Between the Buried & Me, Enslaved, Intronaut, Native Construct | House of Blues | Rock, Pop, Etc | Chicago Reader

Between the Buried & Me, Enslaved, Intronaut, Native Construct All Ages Soundboard Recommended Image

When: Thu., Nov. 19, 5:30 p.m. 2015

The music media have a mercilessly brief attention span—sometimes it feels like a band has just minutes to make an impression before everyone’s on to the next thing. This makes me especially appreciative of the sanctuary that metal provides for the difficult-listening set. Los Angeles prog-metal voyagers Intronaut, for instance, write tunes that take ages to sink in—they feel like cryptic artifacts a benign extraterrestrial race has left for us to decode.
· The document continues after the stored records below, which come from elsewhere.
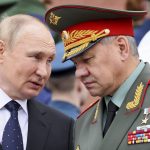 
              FILE - Russian President Vladimir Putin speaks with Russian Defence Minister Sergei Shoigu during a wreath laying ceremony at the Tomb of Unknown Soldier in Moscow, Russia, Wednesday, June 22, 2022, marking the 81st anniversary of the Nazi invasion of the Soviet Union. Defense Minister Sergei Shoigu told President Vladimir Putin  that Russia's troops together with members of a local separatist militia "have established full control over the city of Lysychansk," a ministry statement said Sunday, July 3, 2022. (Mikhail Metzel, Sputnik, Kremlin Pool Photo via AP, File)
            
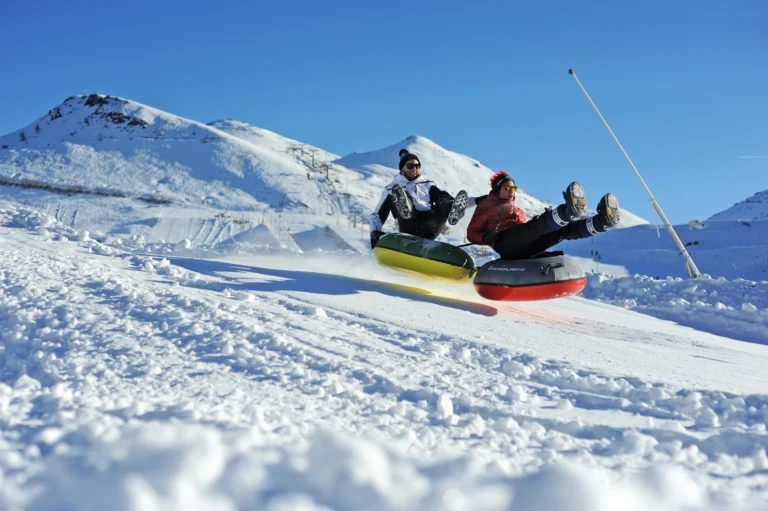 Due persone scendono sulle ciambelle dello Snowtubing tra le montagne innevate di Prato Nevoso.
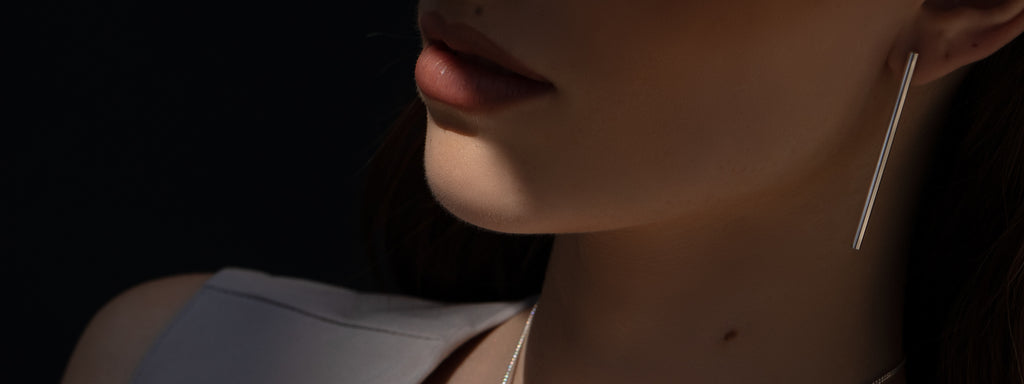 Model wearing minimalist long tube silver earrings.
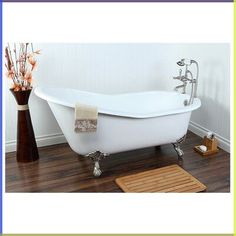 a white bath tub sitting on top of a wooden floor next to a vase with flowers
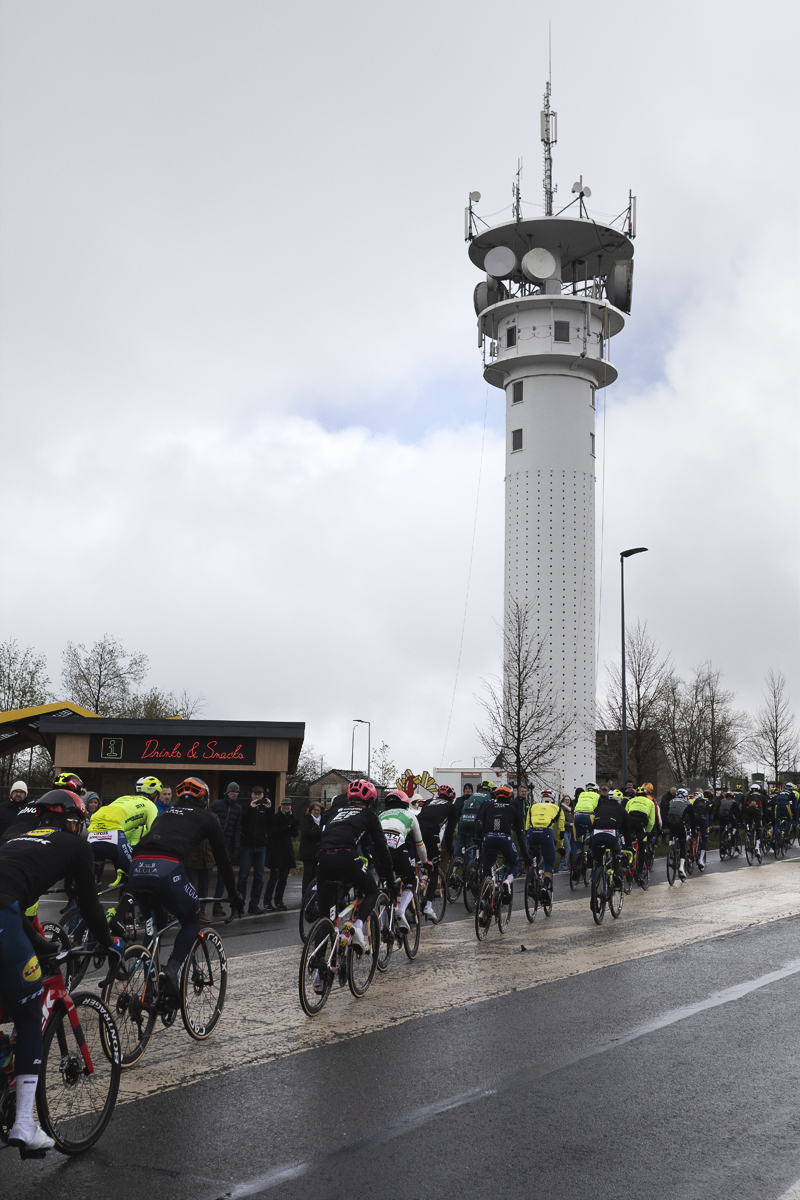 Liège-Bastogne-Liège 2024 - Riders pass in front of a communications mast at Baraque Fraiture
On their fifth album, The Direction of Last Things (Century Media), the four members’ parts interlock along complicated interfaces, each one adding a different shape to the puzzle. Limber, elastic bass snakes through complex twin-guitar matrices—sometimes gleaming cellular cycles, sometimes clotted, gnashing stomps—while front man Sacha Dunable ping-pongs between hoarse screaming and clean, airy crooning. Drummer Danny Walker underpins the grooves’ supple intricacy with such a sure touch that he can make five- and seven-based meters rock—which is like tearing up the dance floor with somebody who’s got three legs. Intronaut navigate a fractal collage of eccentric meters that overlap like the tumbling jewels in a kaleidoscope: on “Fast Worms,” hard-panned guitars play sparse picked patterns of slightly different lengths, phasing in and out of sync, while the rhythm section splits the difference. Even riffs in 4/4 don’t tend to have backbeats—they sound so off-kilter that you have to count through them to make sure they’re actually straightforward. It’s relatively easy for metal to overwhelm and shut down your higher thought processes, but this band can keep you engrossed even when your whole brain stays awake.